WORK ITEM:
The reply should repeat all of the data word for word, with no pictures.

══════

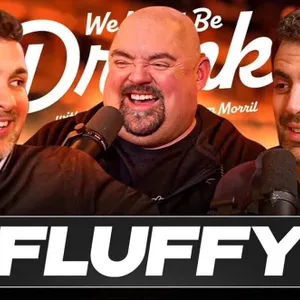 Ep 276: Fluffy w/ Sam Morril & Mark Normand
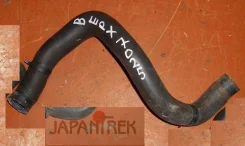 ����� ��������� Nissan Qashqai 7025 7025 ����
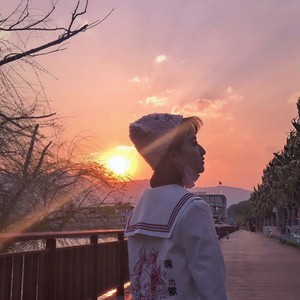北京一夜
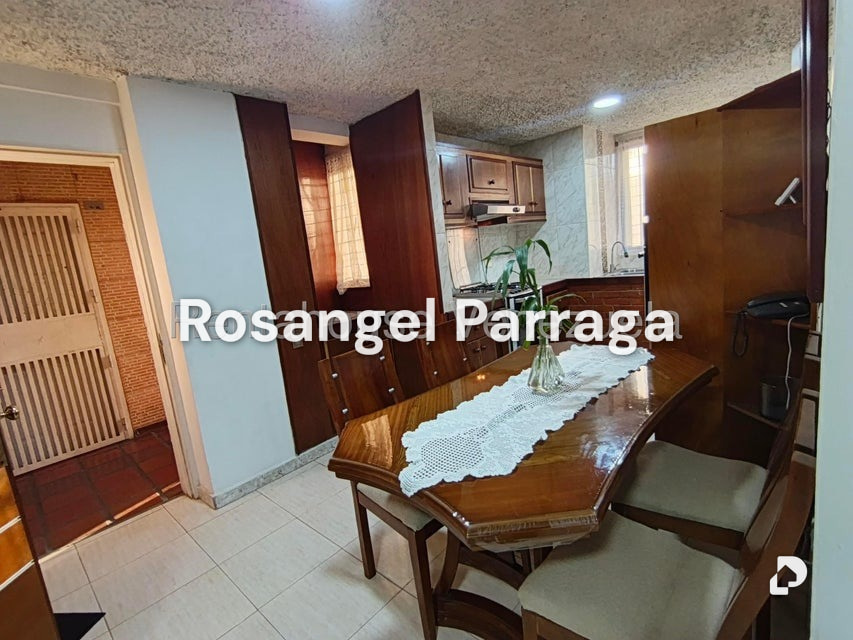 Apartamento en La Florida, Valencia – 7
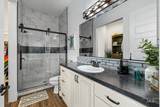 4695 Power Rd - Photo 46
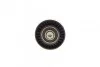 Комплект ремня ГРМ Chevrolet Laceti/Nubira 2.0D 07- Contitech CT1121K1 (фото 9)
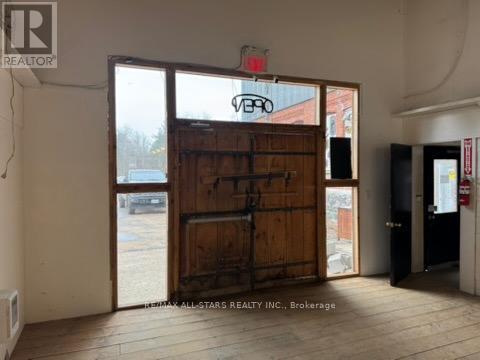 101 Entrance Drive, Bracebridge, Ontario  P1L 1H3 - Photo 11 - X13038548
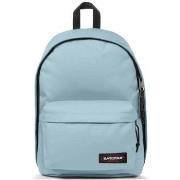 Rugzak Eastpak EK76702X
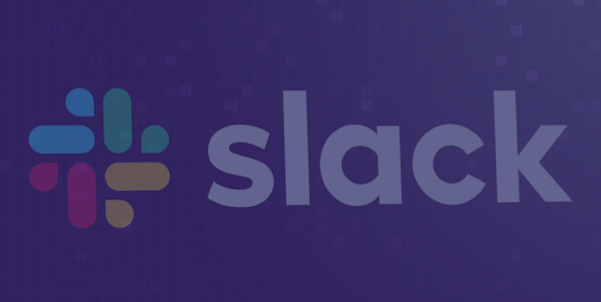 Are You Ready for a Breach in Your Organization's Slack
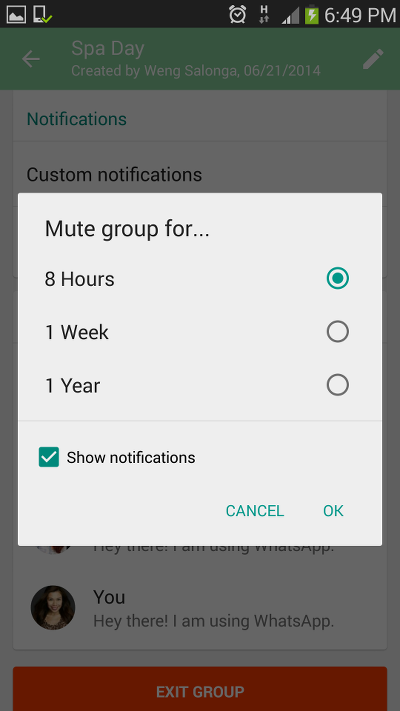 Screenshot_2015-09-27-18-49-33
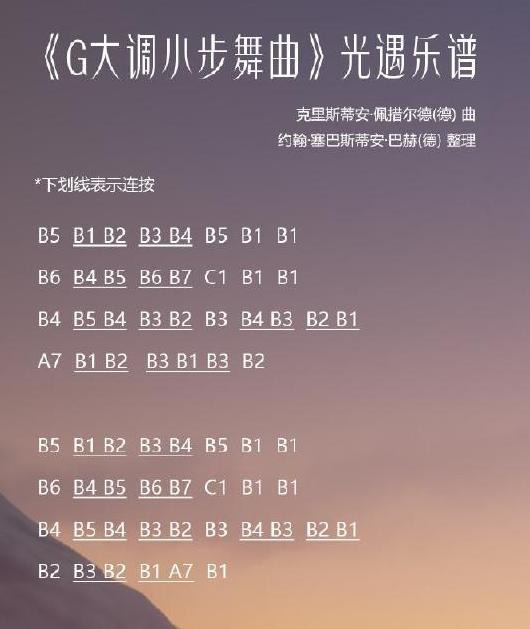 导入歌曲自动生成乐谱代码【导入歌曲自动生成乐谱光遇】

══════

COMPLETED TASK:
 Ep 276: Fluffy w/ Sam Morril & Mark Normand
 ����� ��������� Nissan Qashqai 7025 7025 ����
北京一夜
 Apartamento en La Florida, Valencia – 7
 4695 Power Rd - Photo 46
 Комплект ремня ГРМ Chevrolet Laceti/Nubira 2.0D 07- Contitech CT1121K1 (фото 9)
 101 Entrance Drive, Bracebridge, Ontario  P1L 1H3 - Photo 11 - X13038548
 Rugzak Eastpak EK76702X
 Are You Ready for a Breach in Your Organization's Slack
 Screenshot_2015-09-27-18-49-33
 导入歌曲自动生成乐谱代码【导入歌曲自动生成乐谱光遇】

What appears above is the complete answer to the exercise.